Werk believes the future of work is not unchangeable, it’s adaptive to each employee’s skills, motivations, and needs. By helping people find their Flextype, Werk believes they can make work flexible for everyone.
This shoe manufacturer is a sustainable brand supporting workers’ rights in sub-Saharan Africa. They launched their own factory in 2012 and make every pair of Oliberté shoes from this factory in Addis Ababa, Ethiopia. In 2013, they also become the world’s first Fair Trade Certified™ footwear manufacturing factory.
Proceeds from the sales of LSTN speakers and headphones go towards giving hearing aids to people in need through their partner, Starkey Hearing Foundation.
FIGS exists to create super-comfortable, ethically responsible scrubs. They create a high-quality product and donate hundreds of thousands of scrubs to healthcare providers in over 35 countries.
15. Love Your Melon
This apparel brand gives a hat to every child battling cancer in America.

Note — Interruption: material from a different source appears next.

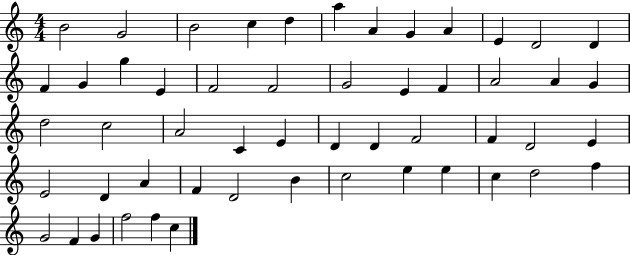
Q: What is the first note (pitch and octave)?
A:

They also support nonprofit organizations fighting against pediatric cancer. 50% of all the profits that come from buying a Love Your Melon product go to their nonprofit partners and beanie donation events run year round.
Social Entrepreneurship Ideas
So, you want to do some good, but you’re not quite sure where to start? Here are a few guidelines to find the perfect social entrepreneurship idea for you:
- Define what you’re passionate about - Do you firmly believe every child in America should have a pillow? Do you volunteer at a food pantry on the weekends? Are you an activist for certain local charities? Define what you’re passionate about and proceed to step two …

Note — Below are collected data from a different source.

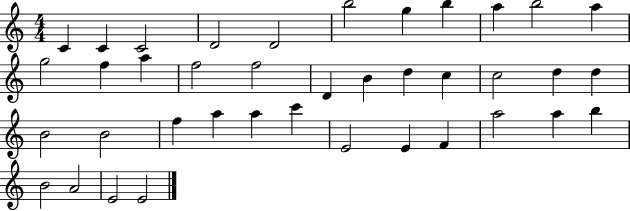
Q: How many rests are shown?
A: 0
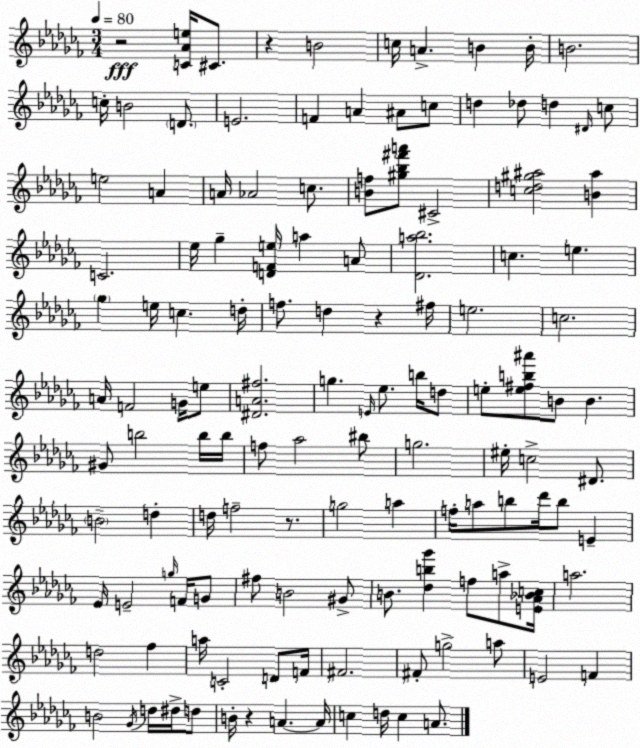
X:1
T:Untitled
M:3/4
L:1/4
K:Abm
z2 [C_Ae]/4 ^C/2 z B2 c/4 A B B/4 B2 c/4 B2 D/2 E2 F A ^A/2 c/2 d _d/2 d ^D/4 c/2 e2 A A/4 _A2 c/2 [Bf]/2 [^g_b^f'a']/2 ^C2 [cd^g^a]2 [B^a] C2 _e/4 _g [DFe]/4 a A/2 [_Da_b]2 c e _g e/4 c d/4 f/2 d z ^f/4 e2 c2 A/4 F2 G/4 e/2 [^DA^f]2 g E/4 _e/2 b/4 d/2 e/2 [e^fb^a']/2 B/2 B ^G/2 b2 b/4 b/4 f/2 _a2 ^b/2 g2 ^e/4 c2 ^D/2 B2 d d/4 f2 z/2 g2 a f/4 a/2 b/2 _d'/4 b/2 E _E/4 E2 g/4 F/4 G/2 ^f/2 B2 ^G/2 B/2 [_db_g'] f/2 a/2 [E_A_Bc]/4 a2 d2 _f a/4 C2 D/2 F/4 ^F2 ^F/2 g2 a/2 E2 F B2 _G/4 d/4 ^d/4 d/2 B/4 z A A/4 c d/4 c A/2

- Determine the gaps - Once you know what you’re passionate about, it’s time to decide what the gaps are in existing products/services and determine how you can fill those gaps. If the food pantry you volunteer at can’t disseminate fresh, donated produce before it spoils, think about how you could provide a service that makes it faster and easier to get fresh produce to the underserved communities in your area.
- Identify your strengths and skills - Are you an excellent writer or a salesperson extraordinaire? List your strengths and skills, and define how they can serve your mission. This is also an excellent time to identify your weaknesses, so you know who to call upon for help.

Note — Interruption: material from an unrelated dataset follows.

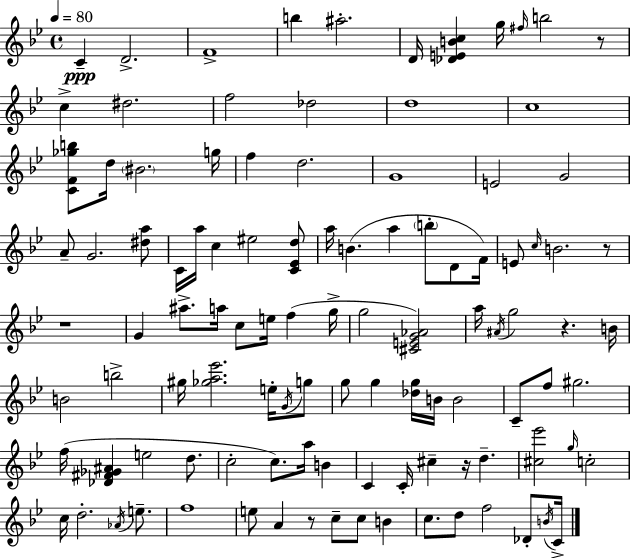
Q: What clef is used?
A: treble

- Decide on a business model - Being a social entrepreneur is not the same as starting a nonprofit. Consider how you will monetize your idea and choose a business model. Whether a cross-compensation model like TOMS and Warby Parker or a market connector like Uncommon Goods, it’s important to know how your business will be structured.
Why has Social Entrepreneurship Gained Popularity?
In the age of heightened competition, social responsibility is a differentiating factor that allows many companies to appeal to specific buyer demographics. The idea of “Conscious Capitalism” gained mainstream attention when Whole Foods founder John Mackey published a book by the same name.
Employment rates are climbing in the United States and beyond, and employees have a choice in who they work for. For many, they choose to work for companies with strong missions as well as earning potential.
When we were researching our book, Inbound Organization: How to Build and Strengthen Your Company's Future Using Inbound Principles, my co-author Todd Hockenberry and I call out several examples of how social responsibility is an important component of having a competitive advantage in today’s marketplace.
So, if you’re still interested in becoming a social entrepreneur -- you couldn’t pick a better time. Formulate your plan today and make the world a better place.